From the time of bone china’s inception until the 20th century, bone china was made by potters exclusively in England.
In 1748 in East London in a town called Bow, a potter named Thomas Frye first developed what has come to be known as bone china. Thomas Frye’s pottery house was located near the cattle slaughterhouses and he was readily able to obtain animal (ox back then) bones. Frye then created a “mixture” to use in his pottery. At that time his “mixture” was about 45% of the bone ash and he dubbed it, fine porcelain.
In the bustling 20th century, an English potter named Josiah Spode of the famous potter firm Stoke-On-Trent in Staffordshire, perfected Thomas Frye’s “mixture” and improved it and launched an even more desirable bone china. Also, it is during this time period that Japan began to make fine bone china in their countries and began to mass produce it to the world. Thomas Spode created many very famous pottery lines that some are still in production today such as, Royal Doulton, Wedgewood, Worcester, Mintons, Coalport, Spode, and Royal Crown Derby.
Porcelain should not be confused with bone china. Porcelain itself originated in China around 1279 A.D. Bone china is more durable than porcelain. Bone china may look more fragile by its appearance. Today and in England of the past, the standard for the mixture of ground bone ash has to be 50% of the mixture to be considered bone china. This made the bone china very durable, resistant to chipping and had a high value for heat retention. Its delicate look comes from the translucent nature. The color is also whiter and brighter by using this formula of bone ash.
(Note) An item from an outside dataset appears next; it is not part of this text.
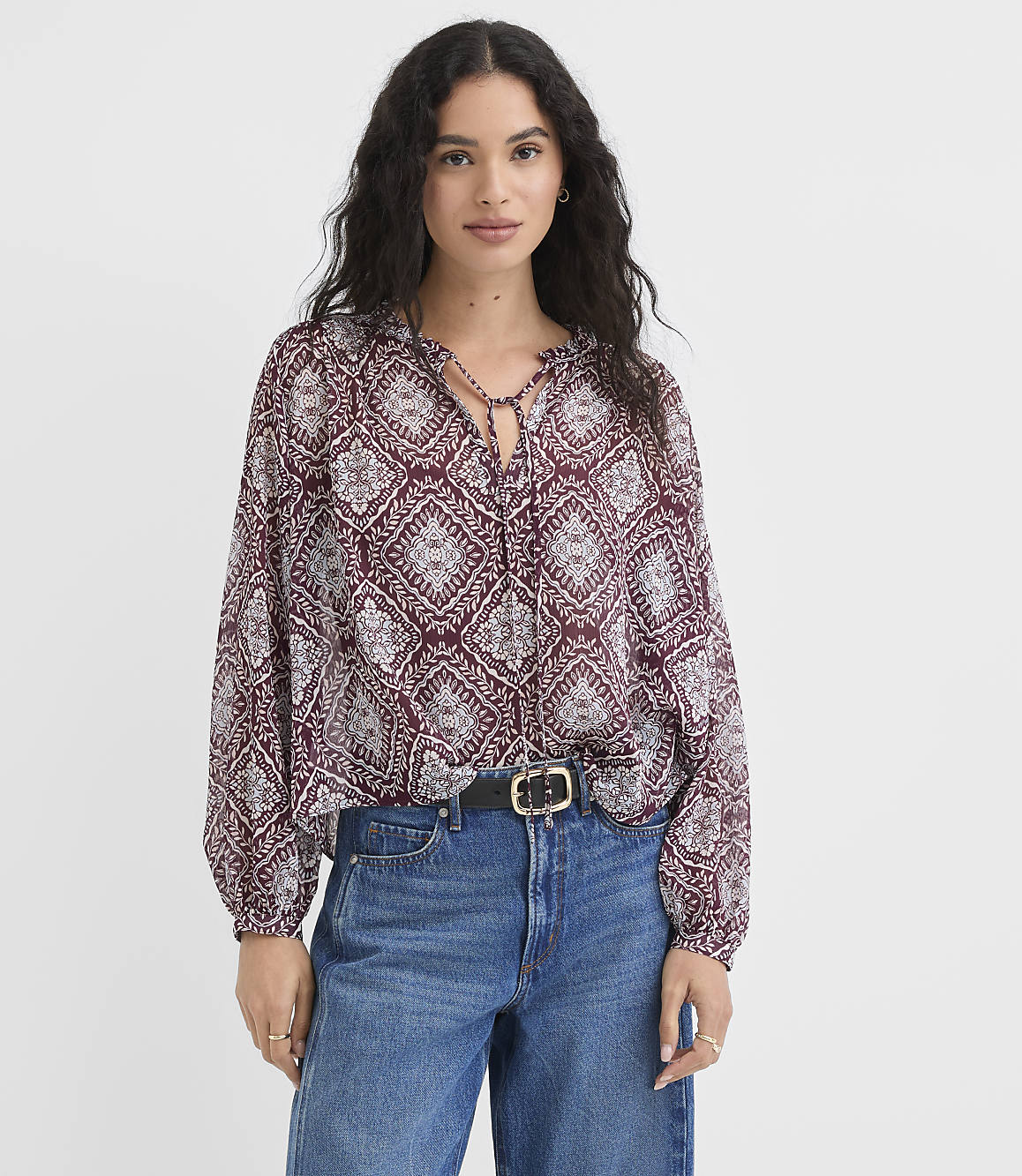A woman in a patterned burgundy blouse and blue jeans stands against a plain white background.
For collectors of fine bone china, there is a plethora to choose from. There are sets that range from the high end (something for the Queen of England) to whimsical “Alice in Wonderland” themed pottery for example. Here are a few things to keep in mind when collecting tea ware: most likely if you can see your fingers through a backlit piece of china, it is fine bone china. Most fine bone china is whiter than just bone china is considered “warmer” in tone. Most bone china pieces are registered by the manufacturer and then are issued a trademark, and then a number and a pattern number. If your piece of bone china has no markings at all, here are a couple ideas to help you identify the piece: Please look under other parts of the set (i.e. saucer or plates, tea pot, or creamer) usually unless noted or commemorative in some way, tea cups are never made individually. If one is trying to match a set or replace broken parts, the internet is a fabulous source for identification. One can match even by the available pictures. Please remember to only purchase anything from a reputable source. And lastly, do not overlook your yard/garage sales, church rummage, flea markets or local antique shops they sometimes have just the piece you might be looking for! Have fun collecting!